Those of us who have had the privilege of working closely with the gaffer can appreciate his attention to detail; his awareness; his almost fastidious planning; his concerns, not just towards those in his direct charge, but to everyone and every aspect of life at the Theatre of Greens. 

It has served Argyle well. He has created a bond that runs through Home Park like the word ‘Plymouth’ in a stick of Barbican rock, from his office to the ever faithful Mark on the top gate. He has taken the unity forged in the heat of the battles against closure and dragged it forward. There is no looking back now.

The club was unable to stage a screening of today’s match at Home Park because all of its staff will be at Wembley. Everyone, whatever their job description, has been drawn together by the man at the top and made to feel part an important part of the club, part of the occasion. If we win, if the lump returns, it will not be because of not being paid five long years ago but because there will be a feeling, a belief, that a small, but significant, part was played in this season’s success.

Different sport, different country, and pure fiction, but Al Pacino’s dressing-room Inch by Inch speech in the film Any Given Sunday nailed a lot of truths.

“You gotta look at the guy next to you. Look into his eyes...You are going to see a guy who will sacrifice himself for this team because he knows, when it comes down to it, you are gonna do the same thing for him.

“That's a team, gentlemen, and either we heal now, as a team, or we will die as individuals. That's football guys. That's all it is.”

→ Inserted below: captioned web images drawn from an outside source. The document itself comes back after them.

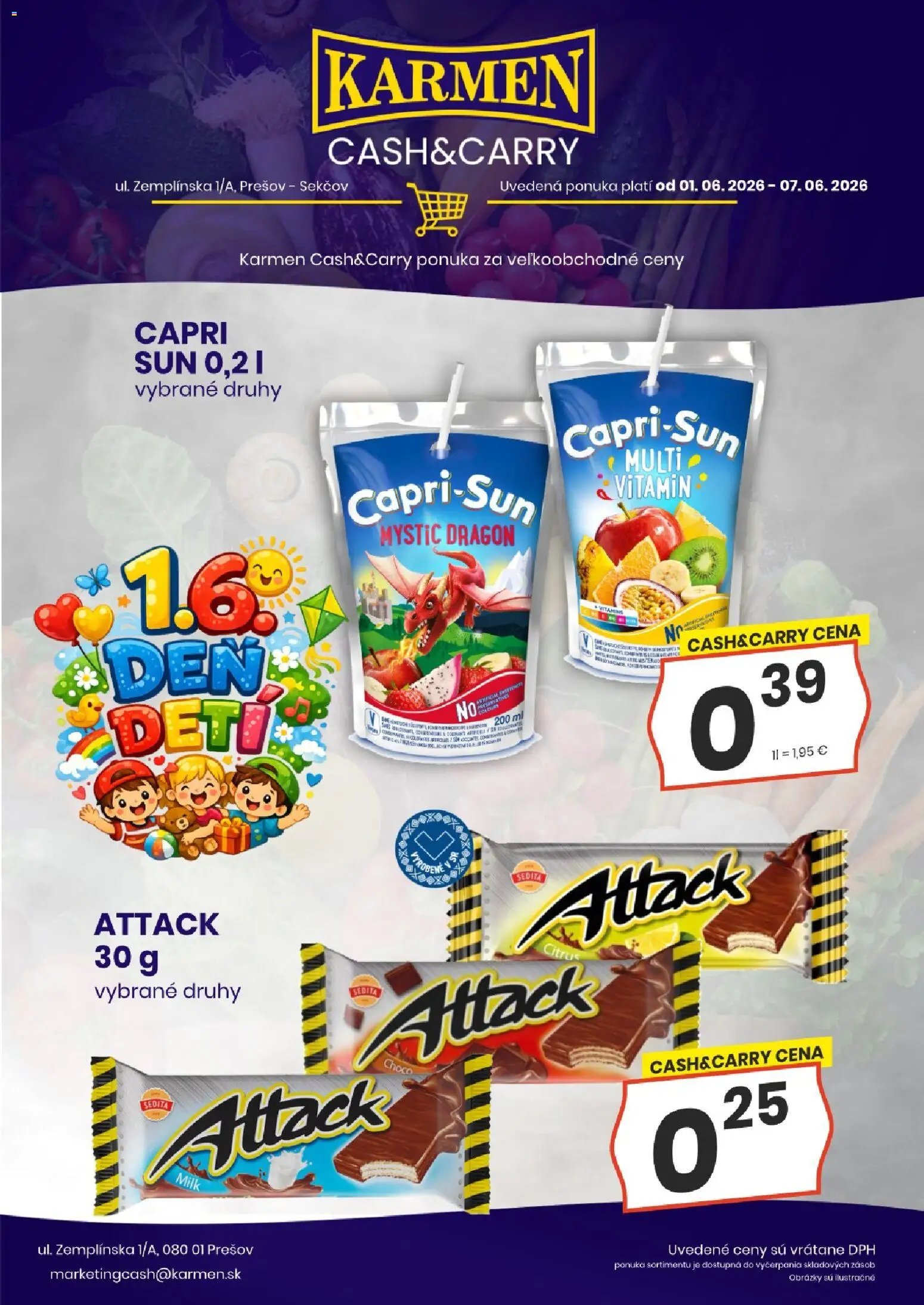 KARMEN CBA leták od 01.06.2026 KARMEN CBA Cash & Carry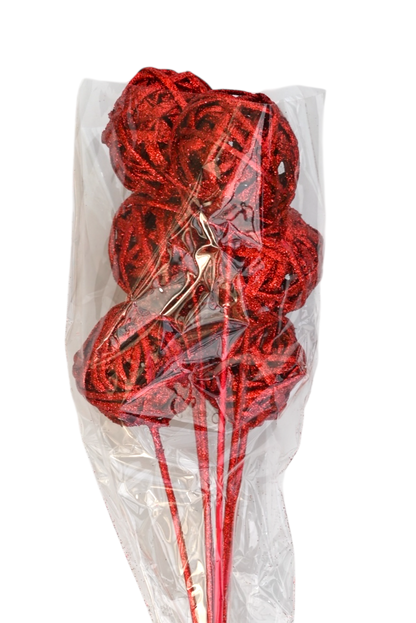 Kamboi Balls - Red glitter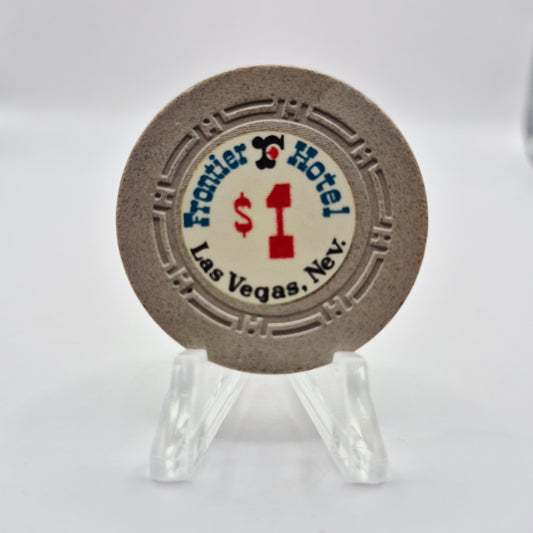 Frontier Hotel Casino Las Vegas Nevada 1967 $1 Casino Chip N1681
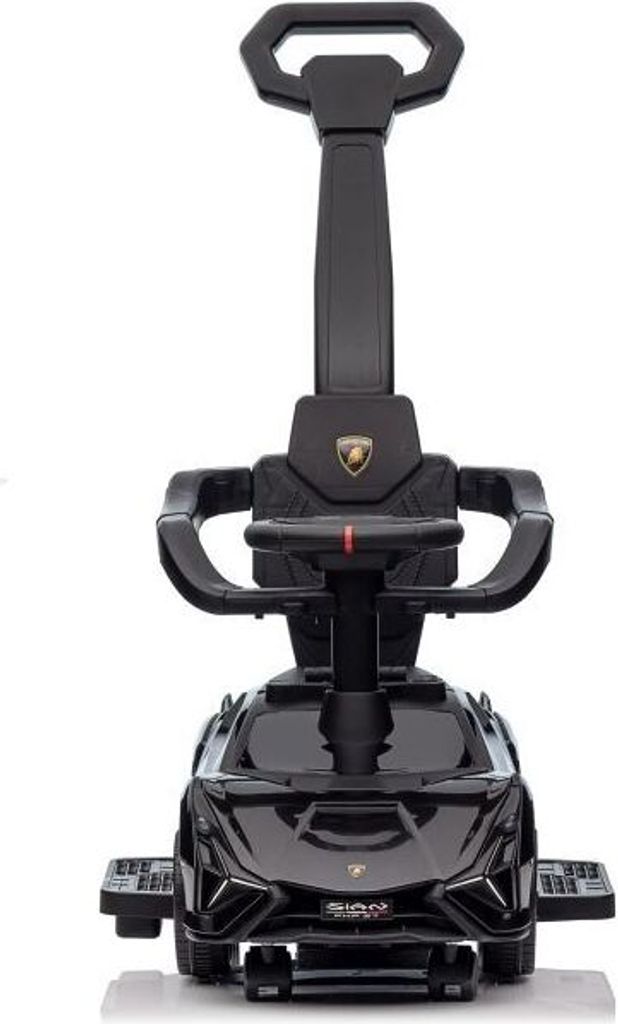 Lamborghini QLS-996T Aufsitzauto mit Anschieber Schwarz Produktbild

Today, we are a team – players, staff, supporters; Plymothians; Westcountrymen and women; Pilgrims around the globe. Argyle United.

Today is the day.

Today is not about what happened five or 122 years ago or any of the highs and lows in between that help define our crazy world of football, with its arbitrary rules and arbitrary competitions.

Today is not about Bob Jack’s 1920s allstars; about the pre-Luggy Doldrums at the end of the old millennium; about Tommy in 1986 or Ronnie ten years later; or about what the Home Park staff did not get paid for.

Today is about new heroes, not past glories or old wounds.

Today is, to borrow from the cheesy student digs poster, the first day of the rest of our lives.

Today is about GC10’s sweet left foot; about Super Luke’s assured hands; about Nelse bringing the ball calmly out of defence.

Today is about Gregg chewing up Wembley’s green acre; about Carl and H taking no prisoners; about Gaz realising his boyhood dream of playing for Argyle at the Home of Football.

Today is about Harts heading every lofted ball; about Tanns getting his head down and gliding past opponents; about Jake and Kelv running the forward and defensive channels like they were born to do.

Today is about Reuben and Jammer impressing their awesome presence on the opposition; about Big Jord putting his body on the line yet again; and about young tyros Ben, Louis, Ty and Jordan hoping for the chance to become a hero before their time.

Today is about Derek, Brew and Wottsy urging, cajoling, bollocking from the Wembley touchline, knowing they will get a response from players proud to wear the shirt; and about the 35,000-strong Green Army cheering themselves to a standstill from the East end of the most famous stadium in world football.

Today is the day.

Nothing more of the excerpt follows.